1. Field of Invention
The present invention relates to a light source module and a display apparatus. More particularly, the present invention relates to a flat fluorescent lamp (FFL) with high luminous efficiency and a liquid crystal display (LCD) using the same.
2. Description of Related Art
Along with the progress in modern video technology, LCDs have been greatly used in display screens of consumable electronic products such as mobile phones, notebooks, personal computers and personal digital assistants (PDAs). However, as the liquid crystal panel of an LCD itself cannot emit light, a backlight module disposed under the liquid crystal panel is required to provide the display light source desired by the liquid crystal panel. Recently, the backlight modules on the market are mainly FFLs, cold cathode fluorescent lamps (CCFLs) and light emitting diodes (LEDs), wherein the FFLs are widely used in LCDs due to the advantages of being low in cost, taking up a small space and so on.

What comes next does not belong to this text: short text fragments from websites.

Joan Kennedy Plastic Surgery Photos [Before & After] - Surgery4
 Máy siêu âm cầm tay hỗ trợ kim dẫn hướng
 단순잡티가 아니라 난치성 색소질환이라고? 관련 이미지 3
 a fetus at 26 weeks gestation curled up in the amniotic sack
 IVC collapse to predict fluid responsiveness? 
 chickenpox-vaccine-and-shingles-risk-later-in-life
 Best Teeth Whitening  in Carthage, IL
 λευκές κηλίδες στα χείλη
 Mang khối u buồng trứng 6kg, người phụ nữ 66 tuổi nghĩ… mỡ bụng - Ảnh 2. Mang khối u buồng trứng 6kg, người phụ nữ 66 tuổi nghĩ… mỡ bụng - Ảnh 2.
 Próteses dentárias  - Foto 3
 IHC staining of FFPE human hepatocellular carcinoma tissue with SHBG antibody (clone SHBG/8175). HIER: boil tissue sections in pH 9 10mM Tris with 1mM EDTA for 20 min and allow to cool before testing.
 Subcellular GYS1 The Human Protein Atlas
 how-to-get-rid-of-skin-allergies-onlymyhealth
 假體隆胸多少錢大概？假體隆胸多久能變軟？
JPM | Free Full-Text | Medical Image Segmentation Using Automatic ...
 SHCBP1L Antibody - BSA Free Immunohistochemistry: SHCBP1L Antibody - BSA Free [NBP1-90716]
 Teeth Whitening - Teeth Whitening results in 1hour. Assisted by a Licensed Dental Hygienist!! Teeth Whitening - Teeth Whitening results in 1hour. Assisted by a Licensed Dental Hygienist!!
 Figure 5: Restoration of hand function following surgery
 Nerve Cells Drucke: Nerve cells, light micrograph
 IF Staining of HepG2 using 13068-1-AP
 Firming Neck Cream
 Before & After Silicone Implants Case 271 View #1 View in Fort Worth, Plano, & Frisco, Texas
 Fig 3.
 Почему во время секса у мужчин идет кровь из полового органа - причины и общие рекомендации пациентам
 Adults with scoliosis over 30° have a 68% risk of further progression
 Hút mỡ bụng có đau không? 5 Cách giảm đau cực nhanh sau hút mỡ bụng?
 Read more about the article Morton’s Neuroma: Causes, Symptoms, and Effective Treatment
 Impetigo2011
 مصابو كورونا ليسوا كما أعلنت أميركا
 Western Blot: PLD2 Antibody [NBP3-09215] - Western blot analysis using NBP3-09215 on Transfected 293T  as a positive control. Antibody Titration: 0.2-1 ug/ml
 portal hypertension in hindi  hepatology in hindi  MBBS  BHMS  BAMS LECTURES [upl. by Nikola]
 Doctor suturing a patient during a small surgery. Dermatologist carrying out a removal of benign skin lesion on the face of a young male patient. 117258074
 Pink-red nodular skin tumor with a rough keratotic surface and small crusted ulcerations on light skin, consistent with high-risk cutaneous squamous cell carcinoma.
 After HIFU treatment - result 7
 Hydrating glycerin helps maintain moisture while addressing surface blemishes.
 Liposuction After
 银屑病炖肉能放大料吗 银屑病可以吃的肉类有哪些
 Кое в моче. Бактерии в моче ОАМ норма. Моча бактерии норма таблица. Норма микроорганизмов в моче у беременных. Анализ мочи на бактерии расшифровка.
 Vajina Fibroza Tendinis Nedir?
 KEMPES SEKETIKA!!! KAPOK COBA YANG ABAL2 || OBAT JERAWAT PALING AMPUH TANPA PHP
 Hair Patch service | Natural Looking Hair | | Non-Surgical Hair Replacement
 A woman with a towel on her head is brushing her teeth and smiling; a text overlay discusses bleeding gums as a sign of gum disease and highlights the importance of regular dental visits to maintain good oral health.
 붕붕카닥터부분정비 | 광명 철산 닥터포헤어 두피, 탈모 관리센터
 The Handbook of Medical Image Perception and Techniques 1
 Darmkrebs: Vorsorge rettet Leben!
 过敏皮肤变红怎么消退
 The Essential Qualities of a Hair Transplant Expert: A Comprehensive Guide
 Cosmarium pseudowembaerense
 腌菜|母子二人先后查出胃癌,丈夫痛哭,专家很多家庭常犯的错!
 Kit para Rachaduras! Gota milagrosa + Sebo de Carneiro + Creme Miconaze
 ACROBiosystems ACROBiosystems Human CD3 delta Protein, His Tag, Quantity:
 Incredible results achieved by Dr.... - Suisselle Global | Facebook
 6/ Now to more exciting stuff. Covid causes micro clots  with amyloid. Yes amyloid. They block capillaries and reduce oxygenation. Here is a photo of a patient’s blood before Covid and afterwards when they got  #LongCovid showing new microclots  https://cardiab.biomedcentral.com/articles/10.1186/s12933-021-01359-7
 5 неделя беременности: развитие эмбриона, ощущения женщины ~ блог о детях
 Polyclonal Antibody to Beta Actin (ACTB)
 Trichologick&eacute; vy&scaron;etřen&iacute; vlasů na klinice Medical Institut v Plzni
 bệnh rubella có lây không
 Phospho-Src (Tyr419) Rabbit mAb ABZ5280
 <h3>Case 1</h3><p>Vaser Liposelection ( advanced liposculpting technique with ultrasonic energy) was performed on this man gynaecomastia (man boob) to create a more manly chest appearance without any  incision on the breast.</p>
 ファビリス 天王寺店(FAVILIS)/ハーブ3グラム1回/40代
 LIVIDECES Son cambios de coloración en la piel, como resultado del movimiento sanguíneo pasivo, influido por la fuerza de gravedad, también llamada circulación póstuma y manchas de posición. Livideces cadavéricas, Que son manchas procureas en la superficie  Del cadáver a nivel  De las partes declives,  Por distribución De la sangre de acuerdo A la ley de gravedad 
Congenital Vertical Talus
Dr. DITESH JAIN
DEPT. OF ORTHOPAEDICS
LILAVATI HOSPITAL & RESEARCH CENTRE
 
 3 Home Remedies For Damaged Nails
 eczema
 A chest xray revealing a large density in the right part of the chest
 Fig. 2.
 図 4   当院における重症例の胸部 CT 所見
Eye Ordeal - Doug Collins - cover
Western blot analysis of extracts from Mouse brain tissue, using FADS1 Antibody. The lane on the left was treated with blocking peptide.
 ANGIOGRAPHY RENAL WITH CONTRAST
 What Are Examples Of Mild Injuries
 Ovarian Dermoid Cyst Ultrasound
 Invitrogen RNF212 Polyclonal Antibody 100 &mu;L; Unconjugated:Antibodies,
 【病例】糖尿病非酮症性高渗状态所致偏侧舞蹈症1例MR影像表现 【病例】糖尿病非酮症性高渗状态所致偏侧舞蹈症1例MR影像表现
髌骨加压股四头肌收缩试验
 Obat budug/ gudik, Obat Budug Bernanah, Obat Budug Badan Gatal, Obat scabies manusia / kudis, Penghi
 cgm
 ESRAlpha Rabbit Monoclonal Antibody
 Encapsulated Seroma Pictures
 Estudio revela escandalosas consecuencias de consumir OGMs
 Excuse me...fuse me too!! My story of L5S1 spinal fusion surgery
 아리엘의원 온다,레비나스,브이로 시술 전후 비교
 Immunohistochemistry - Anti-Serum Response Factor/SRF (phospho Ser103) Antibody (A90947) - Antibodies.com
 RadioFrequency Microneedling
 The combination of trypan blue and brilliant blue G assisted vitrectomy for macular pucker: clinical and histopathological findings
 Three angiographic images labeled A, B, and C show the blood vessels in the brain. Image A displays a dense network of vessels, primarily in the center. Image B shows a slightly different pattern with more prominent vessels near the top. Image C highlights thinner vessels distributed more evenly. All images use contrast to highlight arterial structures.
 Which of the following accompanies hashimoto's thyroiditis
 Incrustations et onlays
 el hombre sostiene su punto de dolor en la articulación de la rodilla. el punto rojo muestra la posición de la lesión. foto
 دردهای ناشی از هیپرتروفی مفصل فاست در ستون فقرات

FIG. 1 is a partial sectional view of a conventional FFL, and FIG. 2 is a top view of the FFL. In order to make the figure clear, a part of the means in FIG. 1 is not shown in FIG. 2. Referring to FIG. 1 and FIG. 2, a conventional FFL 100 forms a plurality of discharge spaces 132 between an upper substrate 120 and a lower substrate 110 via spacers 130, wherein a discharge gas 140 is filled into the discharge spaces 132. Moreover, an electrode set 150 is disposed on the lower substrate 110 in each of the discharge spaces 132. The electrode set 150 comprises a first strip electrode 152 and a second strip electrode 154 (the electrodes 152, 154 are either anode or cathode). A dielectric layer 160 lies on the electrode set 150 to protect the electrode set 150. Moreover, a fluorescent material 170 is coated on the outer walls of the upper substrate 120 and the dielectric layer 160.
When a driving voltage is applied to the electrode set 150, an electric field is formed between the first strip electrode 152 and the second strip electrode 154, for dissociating the discharge gas 140 into plasma. Then, the electrons in an excited state in each ion in the plasma may emit UV light when returning to a ground state, and when the UV light emitted by the plasma irradiates the fluorescent material 170, the fluorescent material 170 is excited to emit light.
It should be noted that conventionally to enhance the effect of the electric field to the discharge gas 140, a plurality of electrode branches 152a is generally formed on both sides of the first strip electrode 152, so as to form a main triangular discharge area 156 with the opposite second strip electrode 154 via the point discharge of the electrode branches 152a. However, in practice, the brightness of the discharge area 156 is usually quite different from that of other areas except the discharge area 156, thus affecting the uniformity of the whole surface light source. According to the practical situation, when the brightness of the top ends of the electrode branches 152a reaches 10000 nit, the brightness of other areas only reaches 6000 nit, and when the brightness of the top ends of the electrode branches 152a reaches 7000 nit, the brightness of other areas only reaches 4000 nit.